Was this the legacy they wanted to leave their children and grandchildren, let alone the rest of us? Did they have any sense of the consequences, intended or otherwise, for American citizens, and the planet? Do they grasp the context of our Constitution, or the concept of democracy? Do they really hate women and others unlike them this much?

As these questions roiled in my head, I thought about some of the consequences the justices’ rightwing agenda presented, beginning with what would befall women and girls who no longer have agency over their bodies and lives, or access to reproductive health care.

Among them is a ten-year old child pregnant by paternal rape being denied an abortion in Ohio,  women with pre-eclampsia – high blood pressure that can be fatal to mother and baby when not treated urgently, women with gestational diabetes, a condition that can be harmful to mother and baby, women with ectopic pregnancies in which a fertilized egg attaches to the Fallopian tube instead of the uterus, an emergency situation requiring immediate care to prevent a fatal rupture, women whose lives are at risk because of  drastic fetal anomalies.

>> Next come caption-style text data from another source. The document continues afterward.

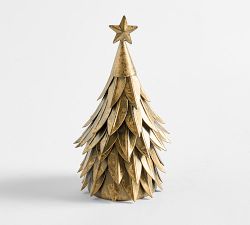 St. Jude Vintage Christmas Tree Candle - Winter Spruce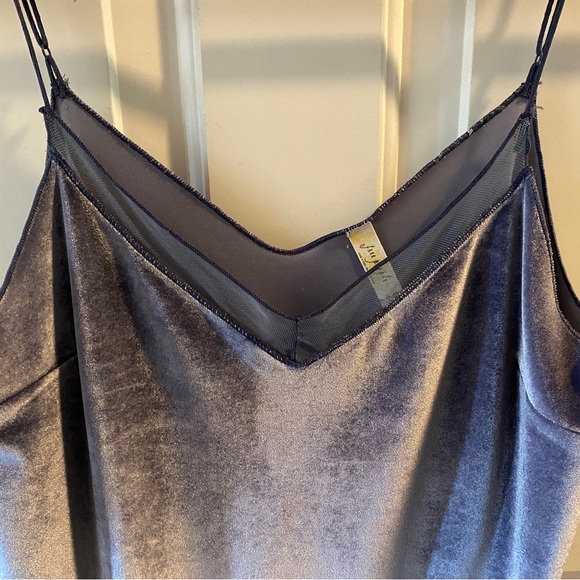 Free People Intimately Velvet Cami - Picture 3 of 11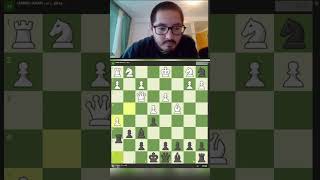 Desde Cero hasta Maestro Internacional Día 4 shorts chess [upl. by Colb]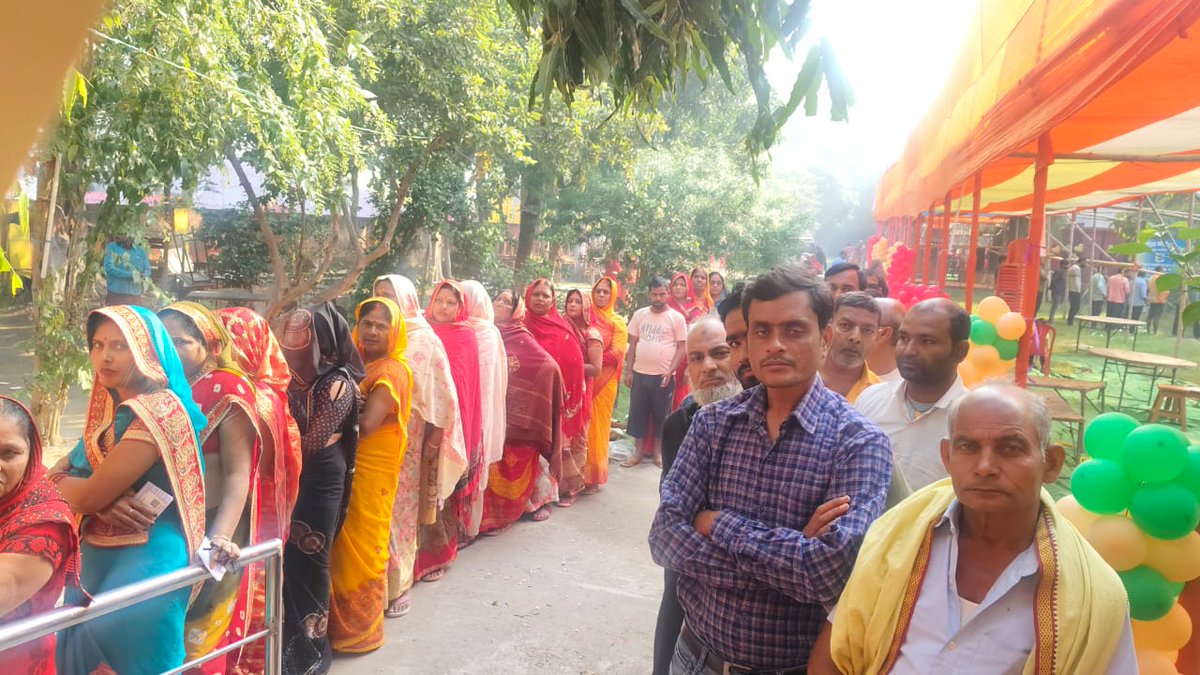 236 बूथ अरेराज
<a href="/CEOBihar/">Chief Electoral Officer, Bihar</a> <a href="/ECISVEEP/">Election Commission of India</a>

 Now women with these urgent or other reproductive healthcare needs are too frightened to seek timely reproductive care while providers are increasingly unwilling to offer it, both for fear of being prosecuted. These examples offer a small glimpse into what will happen to women and girls because of the Court’s decision to end Roe v. Wade, but this much we know: Many of them will die. So will women who elect to have an illegal or self-induced abortion for any reason.

I also thought about the death knell being sounded for the fragile, struggling planet on which we live due to environmental degradation and the global warming crisis. Just these staggering statistics are enough to send chills down my spine: “Every hour, 1,692 acres of productive dry land become desert. We are using up 50 more natural resources than the Earth can provide.” What’s more, “We have a garbage island floating in our ocean, mostly comprised of plastics - the size of India, Europe and Mexico combined!” 

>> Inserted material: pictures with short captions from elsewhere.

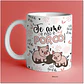 Artes para Caneca Dia dos Namorados PNG - Miniatura 11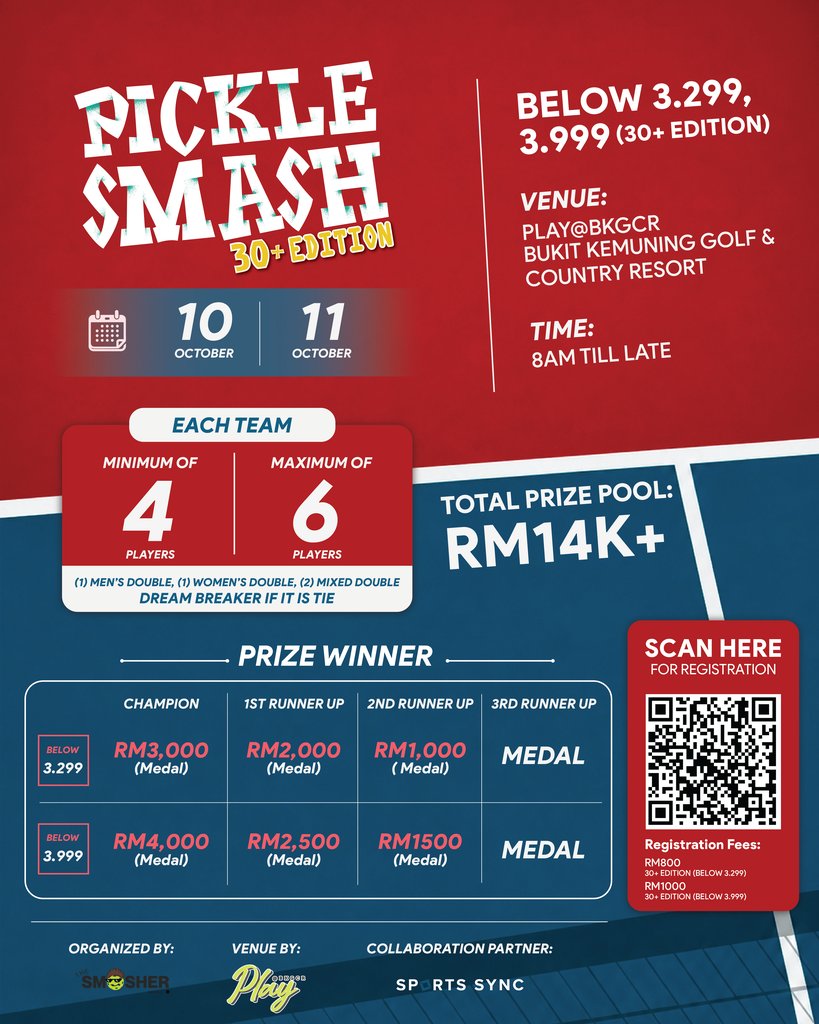 Tournament Poster 1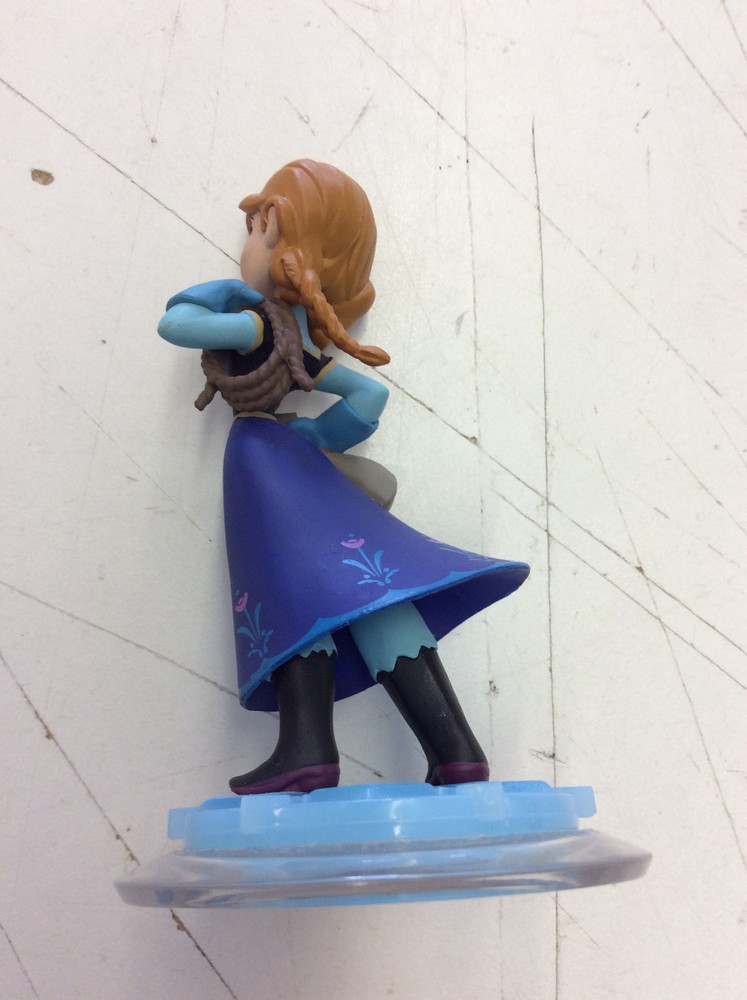 Disney Infinity 1.0 Anna Figure Only! See Pics!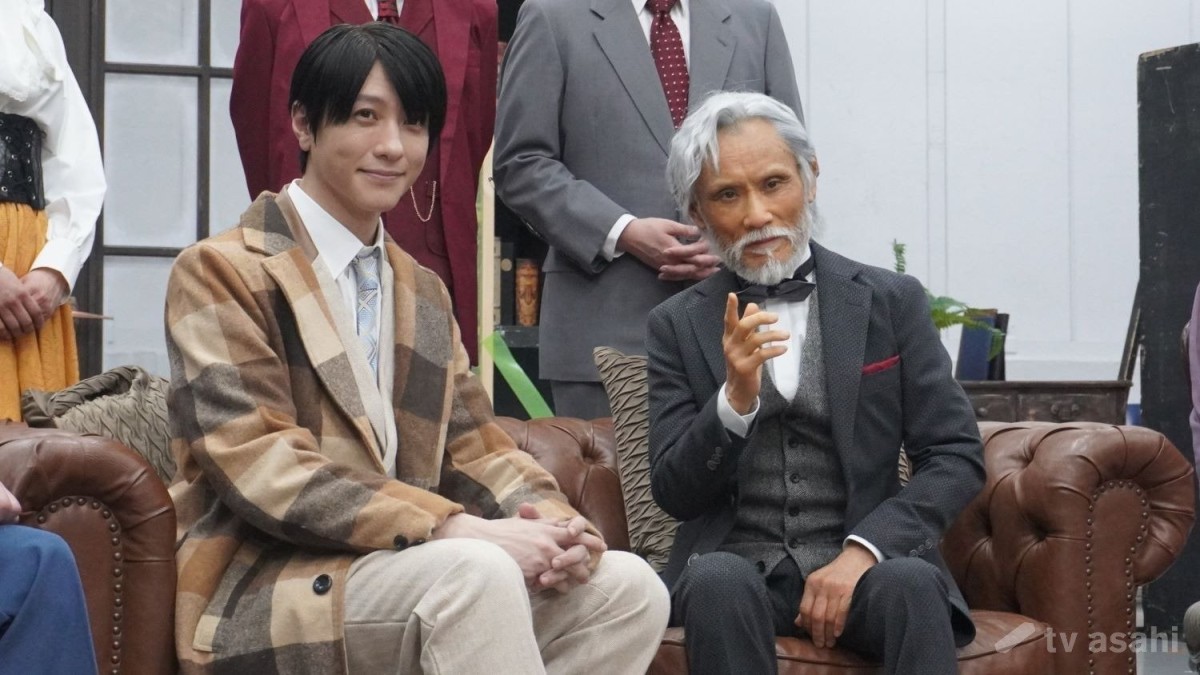 片岡鶴太郎、35年ぶり主演舞台は過去イチのセリフ量「代表作になると思う」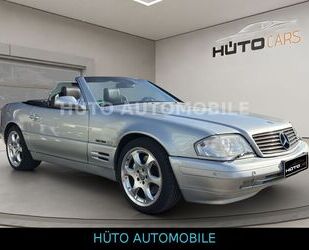 Mercedes-Benz SL 320 Gebrauchtwagen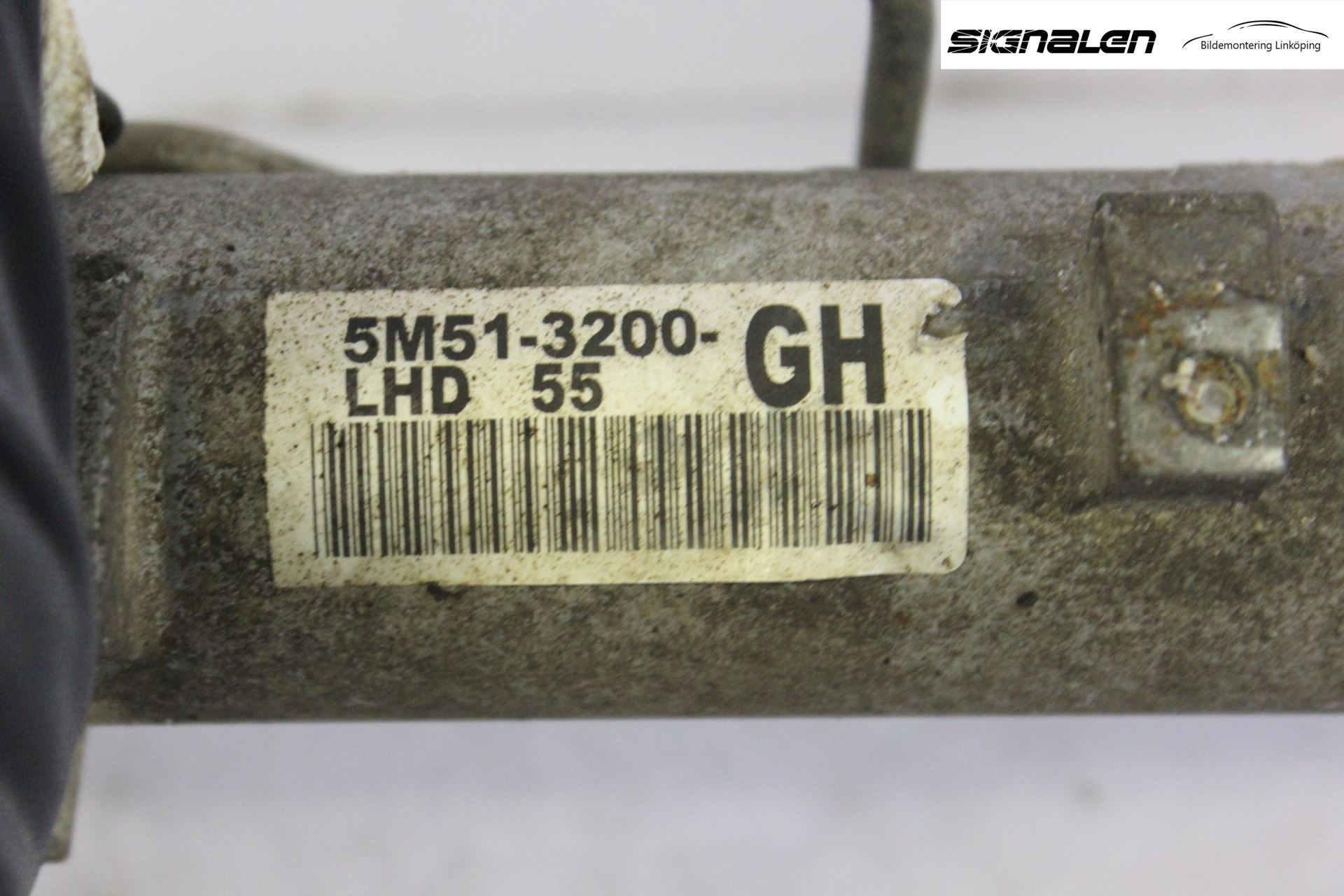 Ford FOCUS 08-11 Styrväxel Servo -Snäcka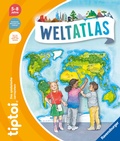 Bild: tiptoi&reg; - Weltatlas - Ravensburger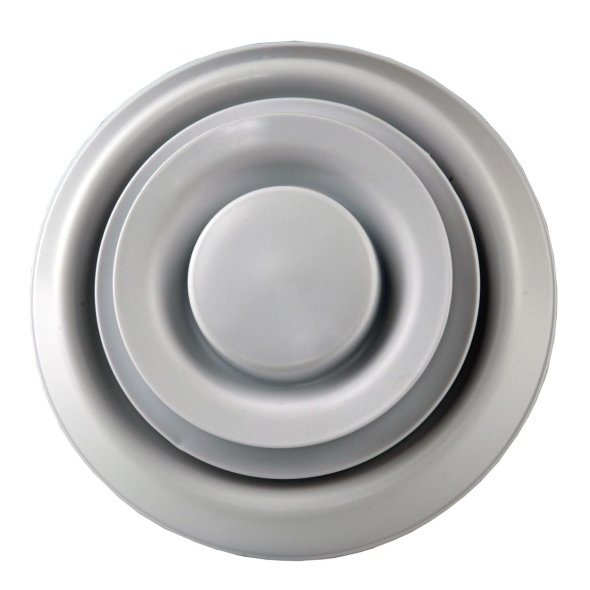 Adjustable Grille 4 inch Collar GR100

Further, “The effects of human-caused global warming are happening now, are irreversible on the timescale of people alive today, and will worsen in the decades to come,” according to NASA. “Glaciers have shrunk, ice on rivers and lakes is breaking up earlier, plant and animal ranges have shifted, and trees are flowering sooner,” while “effects that scientists had predicted in the past would result from global climate change are now occurring: loss of sea ice, accelerated sea level rise and longer, more intense heat waves.”

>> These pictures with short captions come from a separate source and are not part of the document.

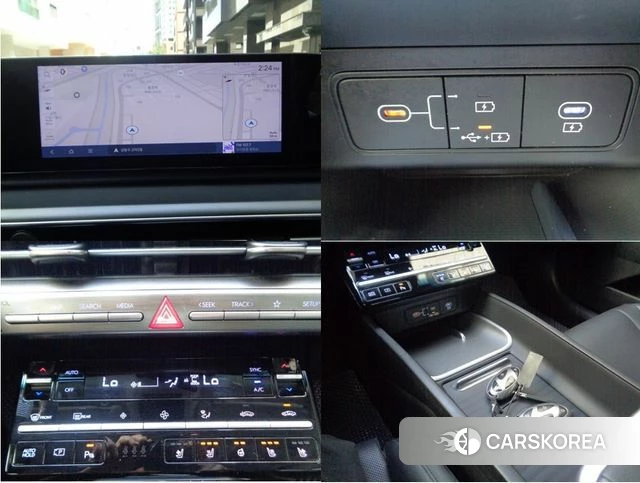 Hyundai Grandeur (GN7) id 3992867 из Кореи 17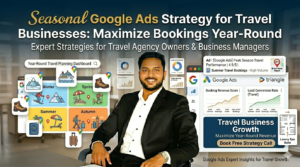 Google Ads Strategy for Travel Businesses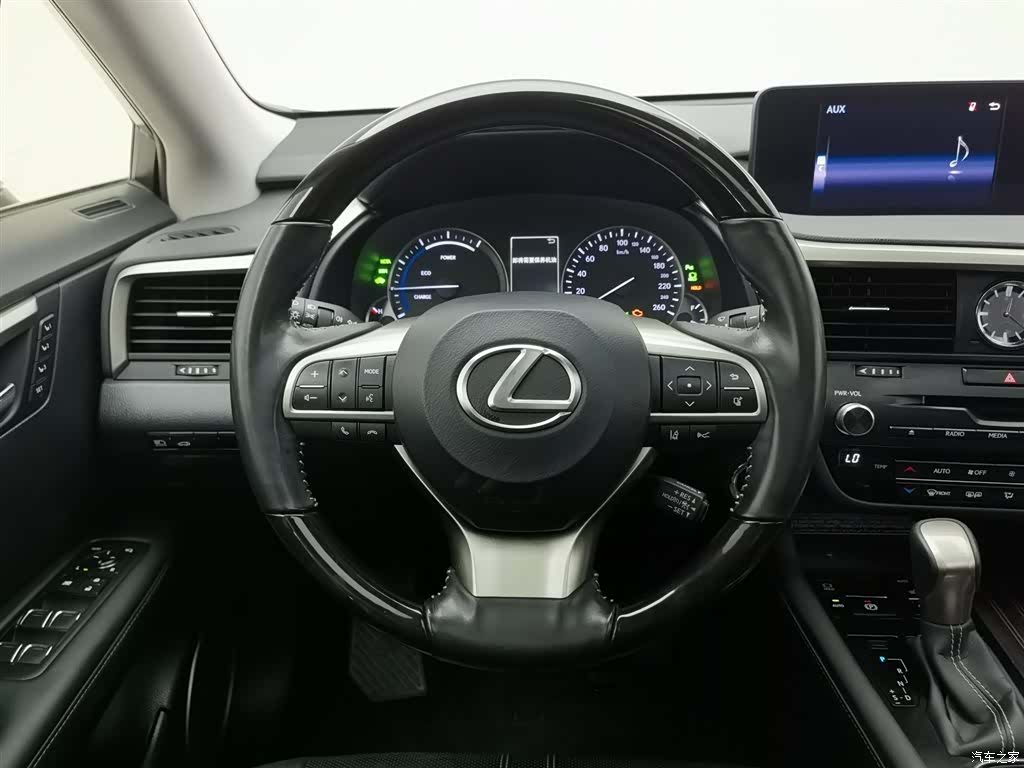 Lexus RX, 2018 11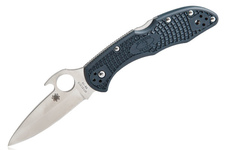 Nóż Spyderco C11PGYW Delica Wave Plain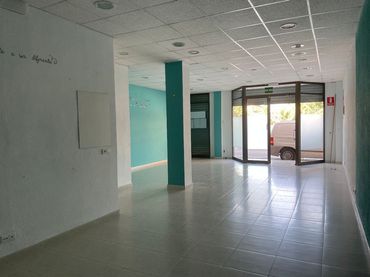 Office space to rent in Duque de Lliria 81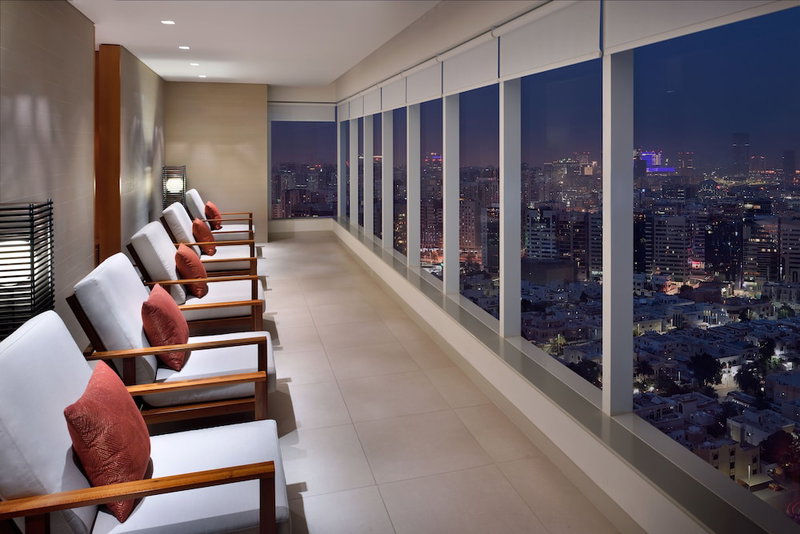 Marriott Executive Apartments Downtown Abu Dhabi, Abu Dhabi, Vereinigte Arabische Emirate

Against these chilling facts, six Supreme Court justices saw to it that the Environmental Protection Agency would now have limited ability to regulate carbon emissions from power plants “making it nearly impossible to cut greenhouse as emissions any time soon.” In their dissenting opinion three justices said the majority had stripped the E.P.A. of “the power to respond to the most pressing environmental challenge of our time.”

When it comes to separation of church and state the conservative majority outdid themselves. Recent decisions included a ruling in favor of a Christian group’s plea to allow a flag with a cross on it to fly over Boston’s city hall. Another decision allowed for taxpayer money to cover tuition for students attending religious high schools, while the six Supremes decided in favor of a high school football coach who led Christian prayers on the playing field  after games.

Then there’s states’ rights. Again, the Scotus-6 opined against New York State's concealed carry law requiring state residents to have a permit to carry a gun in public.  That law’s requirements for a permit were specific and in the public interest but when two guys who wanted to carry guns publicly were denied permits, they appealed to the Supreme Court, which ruled the state law violated the 14th and Second Amendments. The decision proffered that the Second Amendment protects the public carry of firearms and set up a new test for courts to determine whether a law violates the Second Amendment.  New York's law was struck down, and other laws like New York's are likely to be struck down now.

Is it any wonder these frightening, tip-of-the-iceberg rulings made me feel like we’re approaching nuclear winter?  Bundle up. The Supreme Court is just getting started.